One can only wonder what the Rev. Martin Luther King Jr. would make of all that is said in commemorating his life. Perhaps the dream gets lost in translation. More likely, it too often morphs into rhetorical self service.
Sounding not unlike Kanye West, Sen. Hillary Clinton told a mostly black audience in a Harlem church that she was apologizing to Hurricane Katrina survivors for a government that “turned its back on you.” Clinton, who had been tacking to the political center, then ratcheted up the pander-speak by descending into an analogy of the (Republican-controlled) House of Representatives to a plantation.
“The House has been run like a plantation, and you know what I’m talking about,” declared Clinton to thunderous approbation.
King’s most remembered and revered lines were calls for inclusiveness – not slavish exercises in partisan divisiveness.
Then there was New Orleans Mayor Ray Nagin. Sounding not unlike a Crescent City Pat Robertson, he told a crowd at City Hall that not only will the city be rebuilt as a “Chocolate New Orleans,” but in so doing it would be “the way God wants it to be.”

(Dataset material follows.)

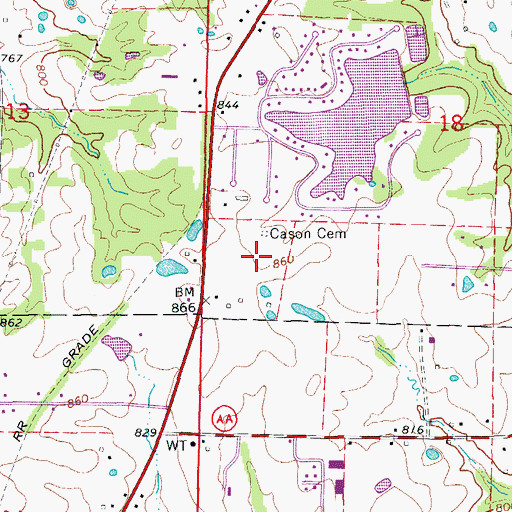 Topographic Map of Cason Cemetery, MO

Nagin has a hard enough time speaking for himself, let alone presuming to channel the Almighty with a demographic invocation. And this from a black politician who has arguably been part of the pre- and- post Katrina problem.
In an ironic way, however, maybe King’s words were revelatory. Wherever there is scapegoating, political pandering and race-baiting there is character content on display – irrespective of skin color.